May 18, 2015

A Bleak Future Without Freethought

Massimo Pigliucci
Massimo Pigliucci (Photo credit: Wikipedia)
Those of us living in the U.S. received a bit of good news last week in the form of the 2014 U.S. Religious Landscape Study from the Pew Research Center. The number of adults identifying themselves as Christians is in decline, and the number of religiously unaffiliated persons is increasing.

So why do I find myself feeling so pessimistic about the future, especially with regard to the place of atheism and skepticism in the future? I've been doing a bit of reading lately, and I've come across three rather bleak views of where we are and what seems like an almost certain future toward which we are heading.

First up was this post from Liberal Left Behind about how messed up our priorities appear to be. Taking feminist blogger Jessica Valenti to task, the author points out how the pursuit of hits has replaced substance in many circles.
Instead of engaging in honest, open debate, she distorts all criticism to shine a light on a problem that strains the definition of the word to its breaking point. Her lack of introspection prevents her from manning a table in the marketplace of ideas. And what is an article without an idea? Nothing but worthless clickbait.
I'm not familiar with Valenti, but the behavior sure seems familiar. If this is what modern feminism looks like, I can't say I'm surprised that it seems to have fallen out of favor. It seems that some young feminist Internet celebrities have far more in common with Pamela Geller than they might like to admit. After all, they are using the same formula for success. The game isn't about social change; it is about self-promotion. I find this unfortunate because the quest for gender equality isn't yet over. More progress is needed, and this sort of thing makes it less likely to happen.

This post by Liberal Left Behind pointed me to the real gem in the collection, and that would be Nick Cohen's The PC revolution devours its own. If you haven't read this one yet, take the time to do so. It might keep you up at night, but it is worth it. Here's the part that got under my skin:
When I argue for freedom of speech at student unions, I am greeted with incomprehension as much as outrage. It’s not only that they don’t believe in it, they don’t understand how anyone could believe in it unless they were a racist or rapist. The politicians, bureaucrats, chief police officers and corporate leaders of tomorrow are at universities which teach that open debate and persuasion by argument are ideas so dangerous they must be banned as a threat to health and safety. Unless we challenge them in the most robust manner imaginable, whatever kind of country they grow up to preside over is unlikely to be a very free one.
As someone who spends a fair amount of time on a college campus these days, I would love to be able to dismiss this as hyperbole. But doing so would be dishonest. This is the reality. Hurt feelings are widely regarded as something nobody should ever have to experience, and there is open hostility to the very idea of free expression. Ideas which some find offensive are deemed dangerous, and students must be shielded from dangerous ideas even if that means silencing those with unpopular views. I fear that Cohen is correct to suggest that we are all going to pay a steep price for allowing this sort of nonsense to flourish.

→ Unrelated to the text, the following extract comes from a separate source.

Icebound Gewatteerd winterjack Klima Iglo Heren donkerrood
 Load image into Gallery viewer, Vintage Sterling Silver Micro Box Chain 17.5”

And last but not least was Massimo Pigliucci's thought-provoking Reflections on the skeptic and atheist movements at Scientia Salon. He expressed what I think many of us have been feeling for some time with regard to the anti-intellectualism, hero worship, hypocrisy, tribalism, groupthink, and love of public shaming that have come to characterize far too much of the atheist and skeptic communities.
The Harris-Chomsky exchange, in my mind, summarizes a lot of what I find unpleasant about SAM: a community who worships celebrities who are often intellectual dilettantes, or at the very least have a tendency to talk about things of which they manifestly know very little; an ugly undertone of in-your-face confrontation and I’m-smarter-than-you-because-I-agree-with [insert your favorite New Atheist or equivalent]; loud proclamations about following reason and evidence wherever they may lead, accompanied by a degree of groupthink and unwillingness to change one’s mind that is trumped only by religious fundamentalists; and, lately, a willingness to engage in public shaming and other vicious social networking practices any time someone says something that doesn’t fit our own opinions, all the while of course claiming to protect “free speech” at all costs.
I cannot claim to agree with everything Pigliucci says in this post, but I'm glad he wrote it and that I had the opportunity to read it. Even though I did not agree with all of it, I found myself without any urge to take to the Internet in order to call him names. Imagine that! I hate to think that he (or other genuine freethinkers) would check out of the atheist and skeptic communities. We need many more voices like this.

If we are going to reduce polarization and tribalism, learn how to have productive rather than destructive conflict, and accomplish something meaningful in a world dominated by religion, we're going to need freethinkers. We're going to need people with the courage to express unpopular opinions and admit that they are often wrong. We are going to need people who eagerly apply skepticism in all domains, including those they find most personally challenging. And we are going to need people who refuse to accept any ideologies uncritically. And since we are going to need people like this, we had better figure out a way to prevent them from becoming disillusioned and walking away.